Aiding development of high-yield, disease-resistant wheat

Research helps the wheat-breeding industry - vital for global food security - become better able to respond to climate change and population growth.

New genotyping tools developed with the School of Biological Sciences have significantly increased productivity and decreased production costs for an industry worth over £1.8 billion a year.

Breakthrough advances selective breeding approaches

The work has focused on single nucleotide polymorphisms (SNPs), which are regions of DNA between individual chromosomes that vary by a single nucleotide.

“SNPs are the most common type of genetic variation in plant and animal genomes,” explains Professor Keith Edwards, School of Biological Sciences. “This means SNPs are a logical choice for marker-assisted selection – a process used in breeding programmes selecting for traits such as disease resistance and productivity. However, the wheat genome is extremely complex, five times larger than the human genome.”

Previously this complexity has presented significant challenges in SNP discovery, but Edwards’ team has helped overcome them by developing a range of new procedures in next-generation sequencing, bioinformatics and genotyping that have significantly advanced DNA marker assisted breeding approaches.

Commercial partnerships deliver dramatic increase in productivity

It’s a critical breakthrough. The University’s work has contributed significantly to the public release of 95% of the wheat genome, which in turn has allowed rapid uptake of this information by both the academic and commercial wheat-breeding communities.

To make sure the findings are of practical use, the University of Bristol team has also formed alliances with genotyping companies LGC and Affymetrix. This has enabled the development of an integrated package of validated markers and high-throughput genotyping platforms that can deliver data at a considerably reduced cost.

“We’ve put considerable work with both LGC and Affymerix as well as the wheat breeding community to ensure the markers and the genotyping platform are cheap and easy to use" says Edwards. “This makes them ideal for commercial wheat-breeding programmes that focus on development of new high yield and disease resistant varieties.”

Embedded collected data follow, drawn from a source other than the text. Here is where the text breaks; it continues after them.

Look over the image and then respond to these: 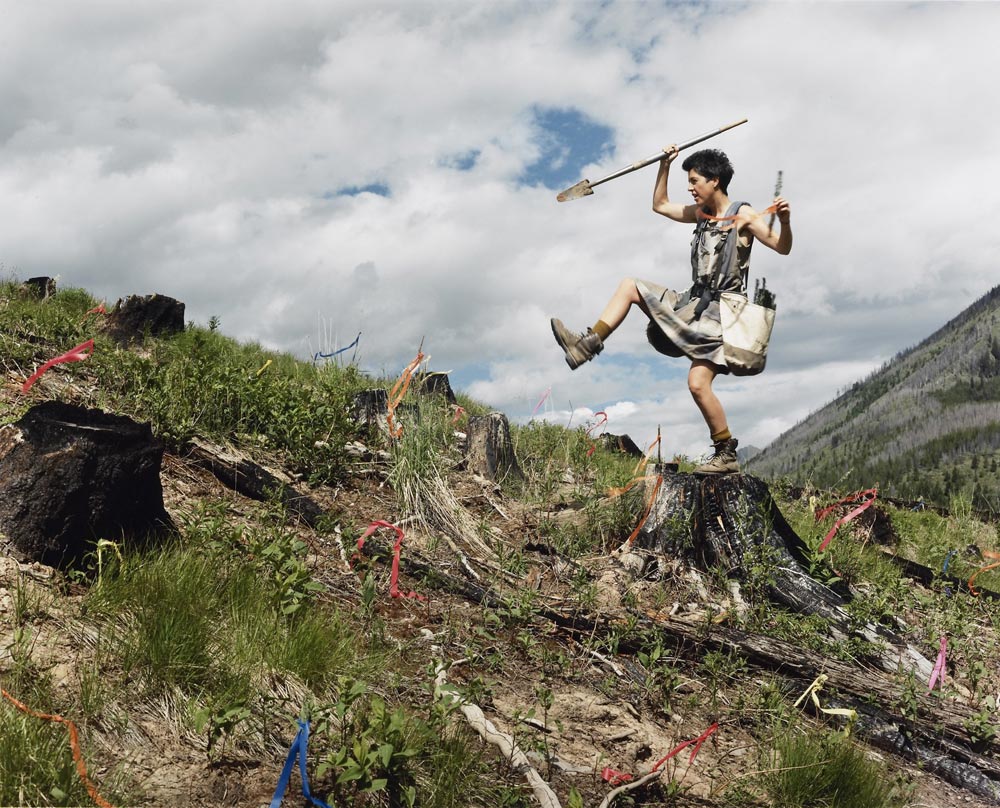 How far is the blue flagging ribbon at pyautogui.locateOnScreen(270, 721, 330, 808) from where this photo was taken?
8.57ft

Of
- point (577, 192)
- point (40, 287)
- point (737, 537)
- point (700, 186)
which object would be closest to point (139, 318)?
point (40, 287)

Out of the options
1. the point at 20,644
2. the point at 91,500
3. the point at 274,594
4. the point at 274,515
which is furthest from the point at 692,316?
the point at 20,644

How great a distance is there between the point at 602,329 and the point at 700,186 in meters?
1.46

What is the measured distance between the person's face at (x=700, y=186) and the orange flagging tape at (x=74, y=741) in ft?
18.2

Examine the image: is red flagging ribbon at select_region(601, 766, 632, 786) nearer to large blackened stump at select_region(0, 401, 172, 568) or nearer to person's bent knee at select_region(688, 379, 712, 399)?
large blackened stump at select_region(0, 401, 172, 568)

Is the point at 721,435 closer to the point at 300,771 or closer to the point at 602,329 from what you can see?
the point at 602,329

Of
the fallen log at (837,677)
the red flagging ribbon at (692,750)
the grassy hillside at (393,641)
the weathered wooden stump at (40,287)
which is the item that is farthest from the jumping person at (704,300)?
the weathered wooden stump at (40,287)

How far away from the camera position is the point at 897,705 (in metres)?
4.40

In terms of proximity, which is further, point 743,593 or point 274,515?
point 743,593

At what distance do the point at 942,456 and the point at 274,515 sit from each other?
13776 cm

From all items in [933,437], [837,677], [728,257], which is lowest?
[837,677]

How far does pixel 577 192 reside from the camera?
6.29m

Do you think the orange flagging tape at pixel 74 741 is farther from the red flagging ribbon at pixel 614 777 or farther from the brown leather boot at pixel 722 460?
the brown leather boot at pixel 722 460

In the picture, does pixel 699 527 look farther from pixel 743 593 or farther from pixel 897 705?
pixel 897 705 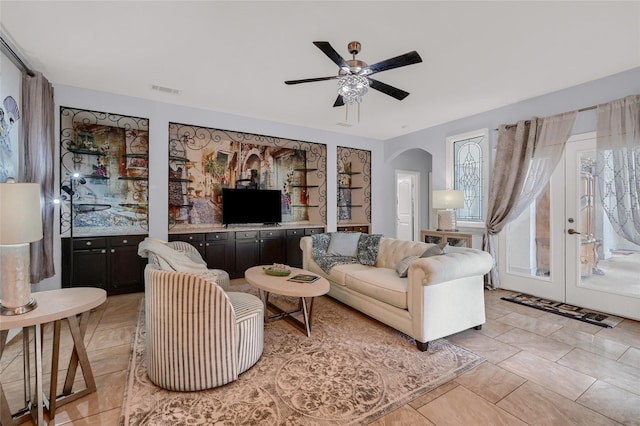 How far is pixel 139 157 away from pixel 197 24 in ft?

Both LGC and Affymetrix now offer these as commercial products, and the commercial impact has been huge. Limagrain – the world’s fifth-largest producer of field seeds – has already benefitted with a ten-fold reduction in costs as well as a ten-fold increase in breeding laboratory throughput. RAGT Seeds, another one of Europe’s leading seeds businesses, has also delivered a five-fold increase in laboratory efficiency, which in turn has doubled rate of genetic gain for traits such as yield, disease resistance and quality.

Ongoing research tackles global food security concerns

Crucially, these commercial benefits are also stimulating further international investment in exploiting the genetic diversity of wheat to improve yields in the face of growing global population and environmental change.

In 2011 the Biotechnology and Biological Sciences Research Council (BBSRC) awarded a £7 million grant to a consortium of researchers, including Professor Edwards, which aims to identify new and useful genetic traits that will improve modern wheat-breeding efforts. This forms part of collaborative ongoing work being undertaken around the globe to try and address concerns over food security, and in particular, fears that human demand for wheat will outstrip supply within the next few decades.

Overall, the contributions made by the researchers at Bristol represent significant advances that will continue to be felt around the world for years to come.

As former Universities and Science Minister David Willetts put it in 2011, it is "an outstanding world class contribution by the UK to the global effort to completely map the wheat genome. By using gene sequencing technology developed in the UK we now have the capability to improve the crops of the future."